> [DESCRIPTION OF THE TASK]:
Please restate, word for word, the lines below that begin at the one with "Vector drawning skull" and end at the one with "Deckenschlafsack 3 Jahreszeit". Leave out all other lines.

> [PROVIDED RECORDS]:
[Start of section]
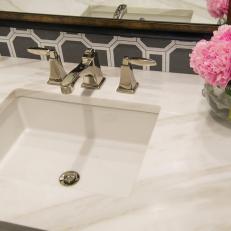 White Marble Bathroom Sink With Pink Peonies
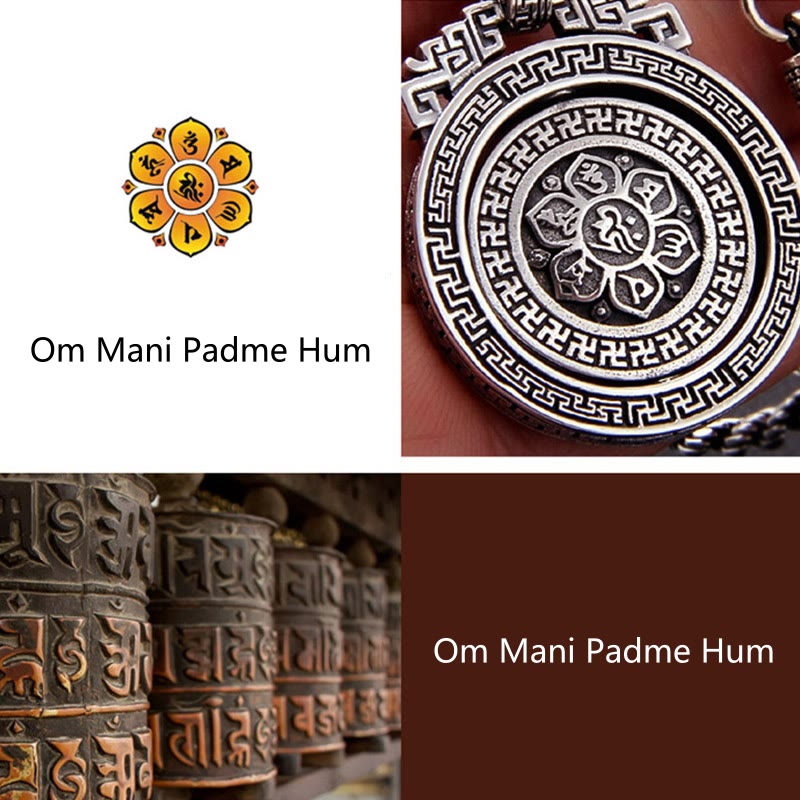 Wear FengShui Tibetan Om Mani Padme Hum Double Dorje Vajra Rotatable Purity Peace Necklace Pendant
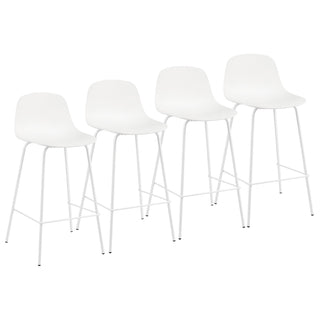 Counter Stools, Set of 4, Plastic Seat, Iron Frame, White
[End of section]
[Start of section]
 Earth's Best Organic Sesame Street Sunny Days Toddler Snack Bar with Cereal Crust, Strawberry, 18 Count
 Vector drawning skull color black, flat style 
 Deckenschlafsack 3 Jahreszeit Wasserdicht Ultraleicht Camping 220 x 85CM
[End of section]
[Start of section]
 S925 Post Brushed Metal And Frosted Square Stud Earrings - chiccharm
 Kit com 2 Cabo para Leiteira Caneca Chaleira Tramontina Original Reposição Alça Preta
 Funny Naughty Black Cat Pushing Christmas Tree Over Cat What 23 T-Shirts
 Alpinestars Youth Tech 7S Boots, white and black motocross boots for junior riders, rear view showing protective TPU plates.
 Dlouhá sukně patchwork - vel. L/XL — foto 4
[End of section]
> [REPLY]:
 Vector drawning skull color black, flat style 
 Deckenschlafsack 3 Jahreszeit Wasserdicht Ultraleicht Camping 220 x 85CM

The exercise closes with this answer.